There is this relevant excerpt from Teoxon v. Member of the Board of Administrators: 35 “1. The
recognition of the power of administrative officials to promulgate rules in the implementation of
the statute, necessarily limited to what is provided for in the legislative enactment, may be found
in the early case of United States v. Barrias decided in 1908. Then came, in a 1914 decision,
United States v. Tupasi Molina, a delineation of the scope of such competence. Thus: ‘Of course
the regulations adopted under legislative authority by a particular department must be in
harmony with the provisions of the law, and for the sole purpose of carrying into effect its general
provisions. By such regulations, of course, the law itself can not be extended. So long, however,
as the regulations relate solely to carrying into effect the provisions of the law, they are valid.’ In
1936, in People v. Santos, this Court expressed its disapproval of an administrative order that
would amount to an excess of the regulatory power vested in an administrative official. We
reaffirmed such a doctrine in a 1951 decision, where we again made clear that where an
administrative order betrays inconsistency or repugnancy to the provisions of the Act, ‘the
mandate of the Act must prevail and must be followed.’ Justice Barrera, speaking for the Court in
Victorias Milling Company, Inc. v. Social Security Commission, citing Parker as well as Davis did
tersely sum up the matter thus: ‘A rule is binding on tile courts so long as the procedure fixed for
its promulgation is followed and its scope is within the statutory granted by the legislature, even
if the courts are not in agreement with the policy stated therein or its innate wisdom * * *. On the
other hand, administrative interpretation of the law is at best merely advisory, for it is the courts
that finally determine what the law means.’ It cannot be otherwise as the Constitution limits the
authority of the President, in whom all executive power resides, to take care that the laws be
faithfully executed. No lesser administrative executive office or agency then can, contrary to the
express language of the Constitution, assert for itself a more extensive prerogative.” 36 It was
alleged in the Answer of Solicitor General Estelito P. Mendoza that Letter of Instruction 869 and
Memorandum Circular No. 39 were adopted pursuant to the Land Transportation and Traffic Code.

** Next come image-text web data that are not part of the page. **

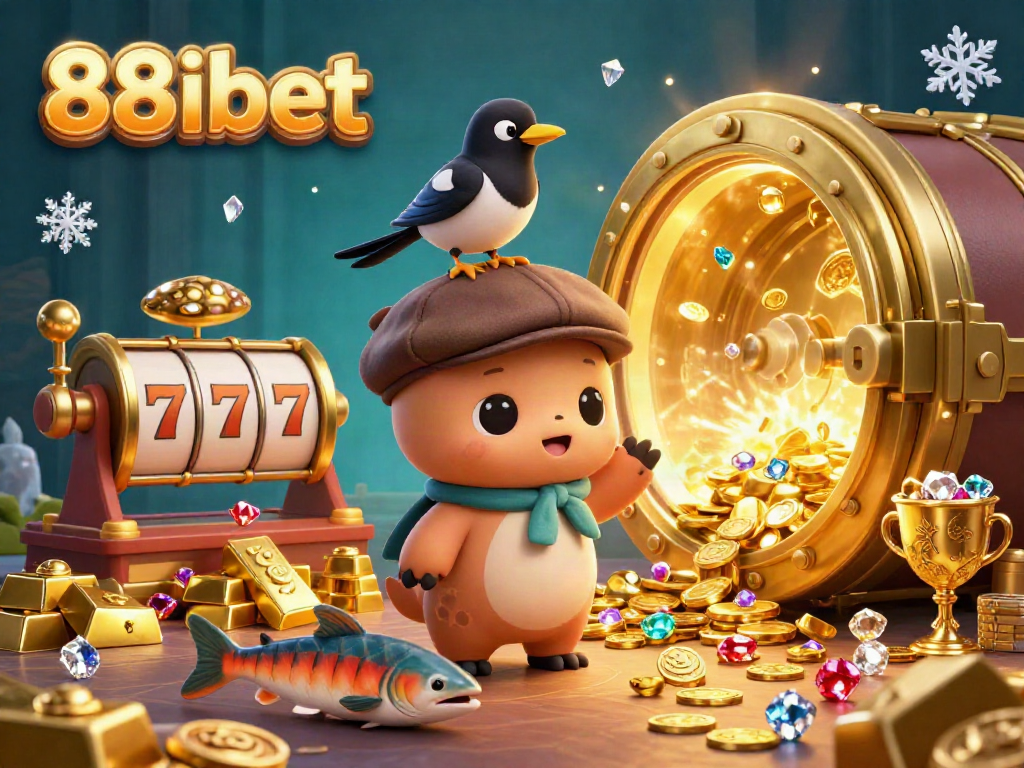 Engage with thrilling casino adventures at 88ibet featuring playful characters and gold treasures.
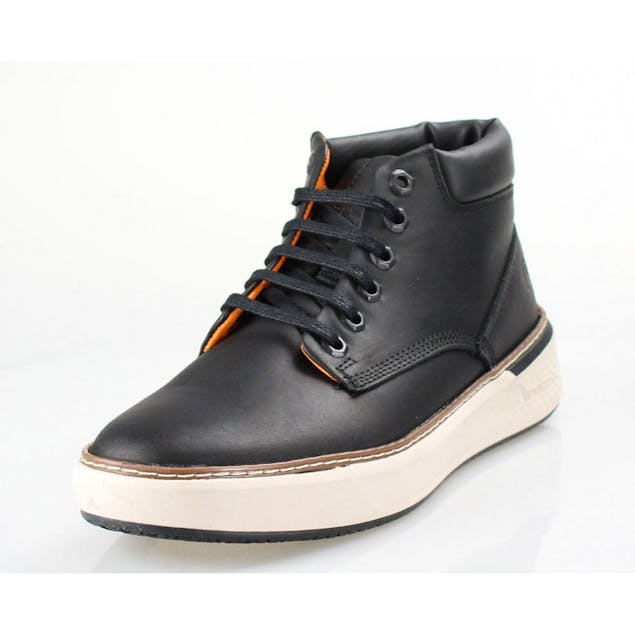 LUMBERJACK - Scott Mid Cut Sneaker Pull - Up Leather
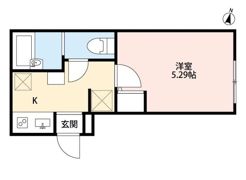 パラシオ板橋の間取り画像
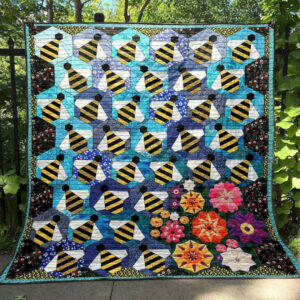Dancing Bee CLT180614 Quilt Blanket , 50 x 60 Inch, Quilt Bed Set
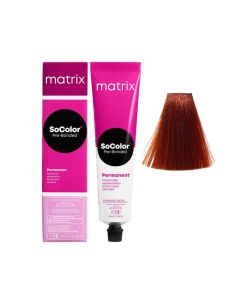 Крем-краска для волос Matrix Socolor Beauty 6RC+, 90 мл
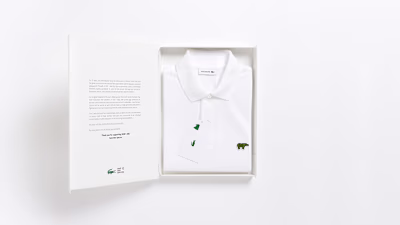 LACOSTE, SAVE OUR SPECIES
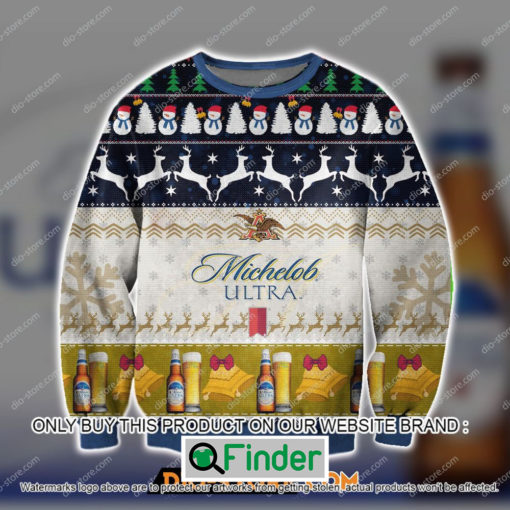 Michelob Ultra Beer Christmas Ugly Sweater – LIMITED EDITION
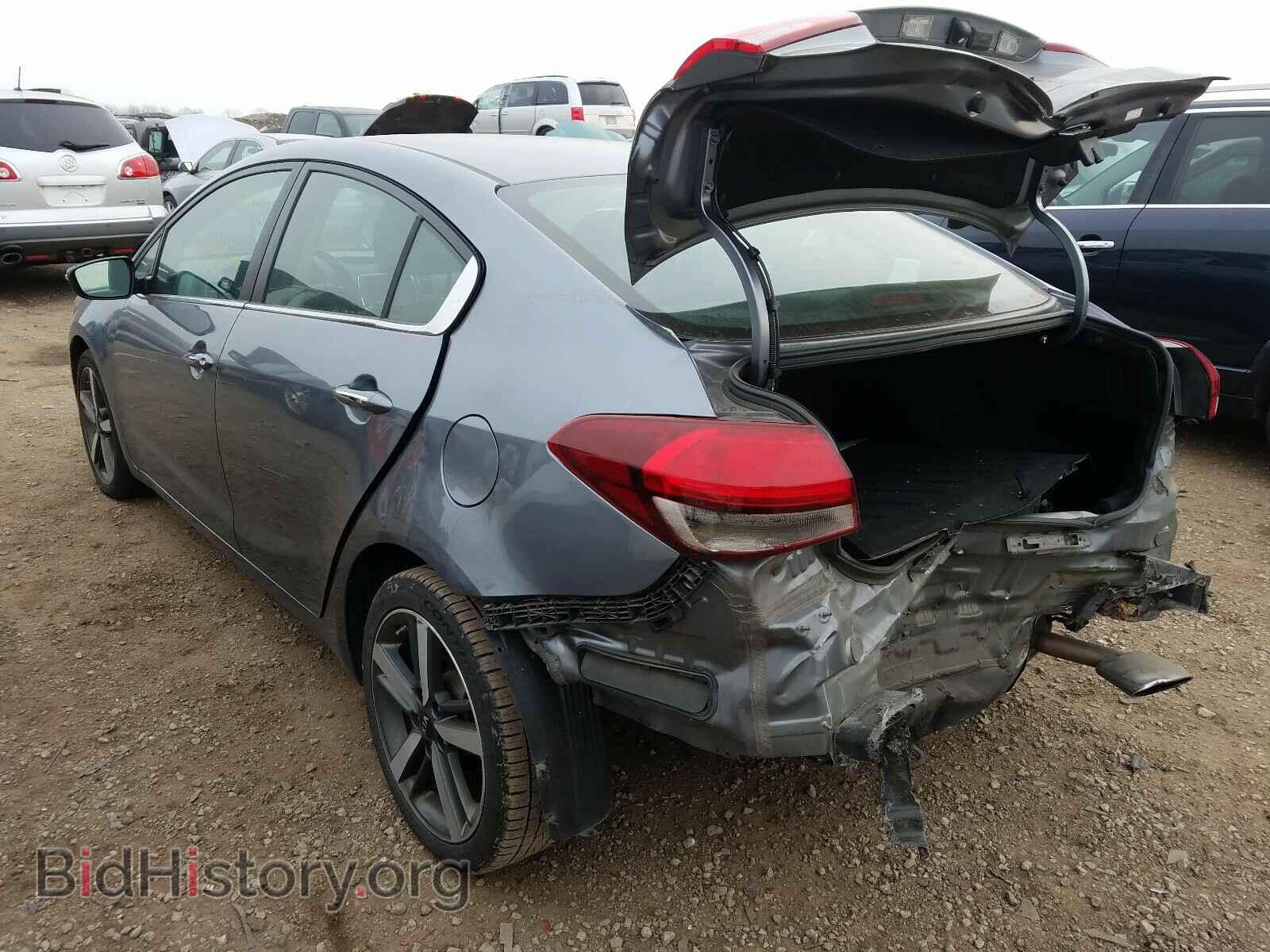 2017 KIA FORTE - VIN: 3KPFL4A87HE056114 - Фото 3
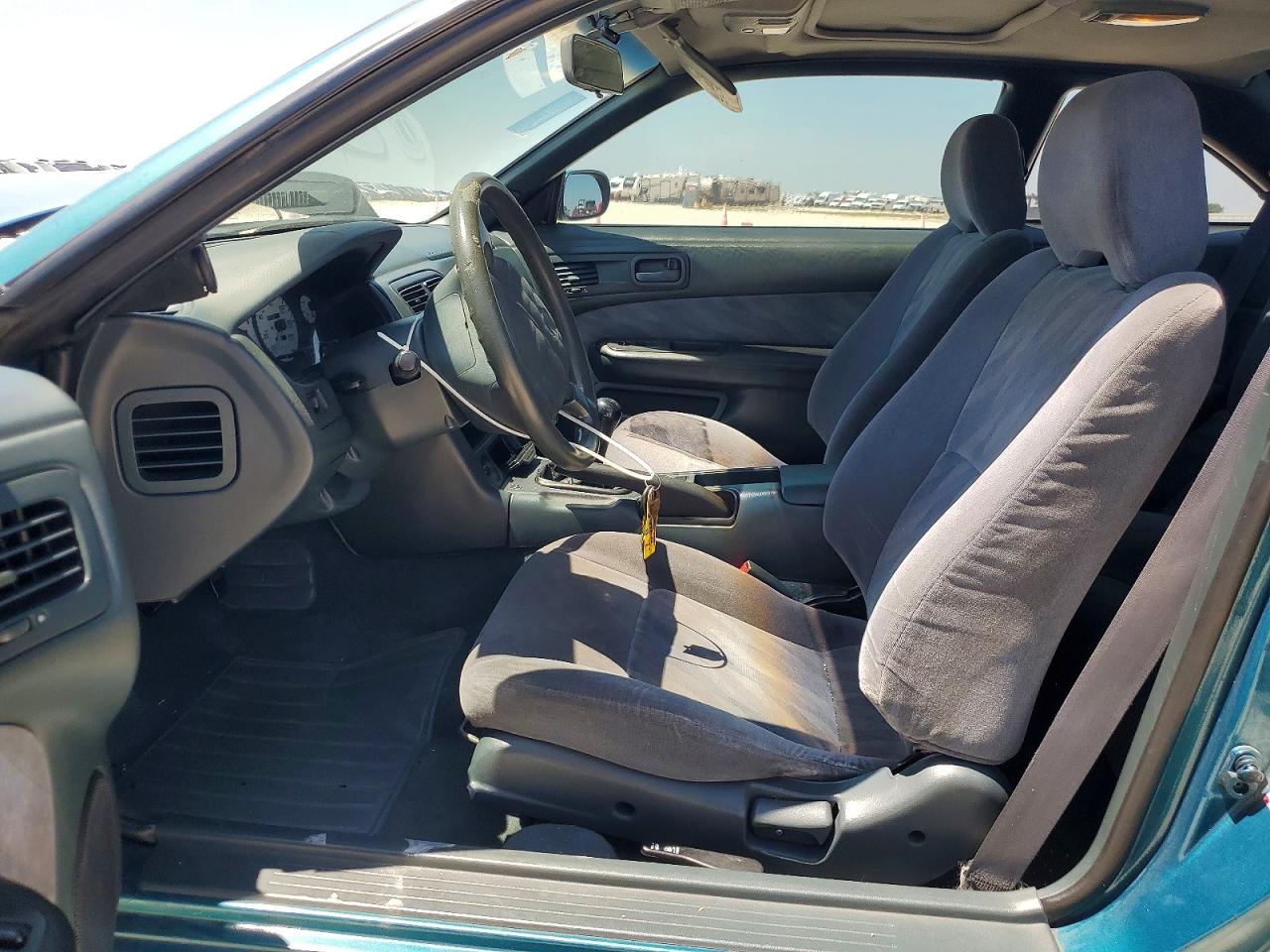 1995 Nissan 240sx Base Turquoise vin: JN1AS44DXSW011237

37 It contains a specific provision as to penalties. 38 Thus: “For violation of any provisions of this
Act or regulations promulgated pursuant hereto, not hereinbefore specifically punished, a fine of
not less than ten nor more than fifty pesos shall be imposed.” 39 Memorandum Circular No. 39
cannot be held to be ultra vires as long as the fine imposed is not less than ten nor more than
fifty pesos. As to suspension of registration, 40 the Code, insofar as applicable, provides:
“Whenever it shall appear from the records of the Commission that during any twelve-month
period more than three warnings for violations of this Act have been given to the owner of a
motor vehicle, or that the said owner has been convicted by a competent court more than once
for violation of such laws, the Commissioner may, in his discretion, suspend the certificate of
registration for a period not exceeding ninety days and, thereupon, shall require the immediate
surrender of the number plates * * *.” 41 It follows that while the imposition of a fine or the
suspension of registration under the conditions therein set forth is valid under the Land
Transportation and Traffic Code, the impounding of a vehicle finds no statutory justification. To
apply that portion of Memorandum Circular No. 39 would be ultra vires. It must likewise be made
clear that a penalty even if warranted can only be imposed in accordance with the procedure
required by law. 42
WHEREFORE, the petition is dismissed.
Aquino, Guerrero, De Castro, Melencio-Herrera, Escolin, Relova and Gutierrez, Jr., JJ., concur.
Makasiar and Concepcion J., took no part.